What Dmitri Nabokov’s curious life tells us about his remarkable father – and the challenges of being a famous writer’s child

Dmitri Nabokov and his father, Vladimir, at dinner in 1961.Getty Images

The greatest literary memoir of the 20th century, Vladimir Nabokov’s “Speak, Memory,” ends with an emblematic image, that of Nabokov standing alongside his 6-year-old son Dmitri as they gaze at the ship that will carry them from France to safety. Over the preceding pages, the author has survived numerous losses and brushes with danger, fleeing not one but two totalitarian regimes: the Soviets and the Nazis. And while that memoir has many moving moments, none are more so than those dedicated to filial love — Nabokov’s love for his father, Vladimir Dmitrievich Nabokov, assassinated in 1922, and for his young son, Dmitri Vladimirovich Nabokov.

Dmitri Nabokov — opera singer, race car driver, translator, and, perhaps, spy — died last month in Vevey, Switzerland, at the age of 77. In his later years, he was best known as the curator of his father’s literary estate, and — most notably — for the scandal sparked by his publication of an unfinished work his father wanted destroyed, “The Original of Laura.” But long before “Laura,” Dmitri Nabokov was known for activities in stark contrast to those his father enjoyed.


Sons generally want to be like their fathers, all the more so when their fathers are kind, caring, loving, and remarkably talented. And yet sons also need to be different from their fathers. Few families demonstrate this more clearly than the three generations of Nabokov men presented in “Speak, Memory.” Vladimir Nabokov’s father was a renowned jurist and a prominent and courageous political figure. His eldest son — who would go on to be one of the greatest writers of the century — revered his father and yet showed not a glimmer of interest in either law or politics, turning his energies instead to literature and lepidoptery.

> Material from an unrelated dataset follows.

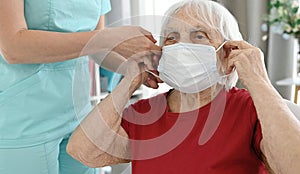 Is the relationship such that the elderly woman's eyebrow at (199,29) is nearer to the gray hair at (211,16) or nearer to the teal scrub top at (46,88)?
the gray hair at (211,16)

By the time that he in turn became a father, Vladimir Nabokov displayed a startling array of talents, but there were two things which he could not do. He had a nearly complete inability to enjoy or interest himself in music (to the point that Oliver Sacks includes him in a list of music-related pathologies). And despite far above average intelligence and excellent hand-eye coordination (he taught tennis and boxing as a young man, and hunted butterflies up and down Alpine slopes well into his 70s), he proved stubbornly unable to learn to drive a car.


And so it is notable that his son Dmitri first embarked on parallel careers as an opera singer and race car driver, only to dedicate the final decades of his life to his father’s literary legacy. His choice of careers, like that of his father before him, reveals something fundamental about the tension between becoming your own man and becoming your father.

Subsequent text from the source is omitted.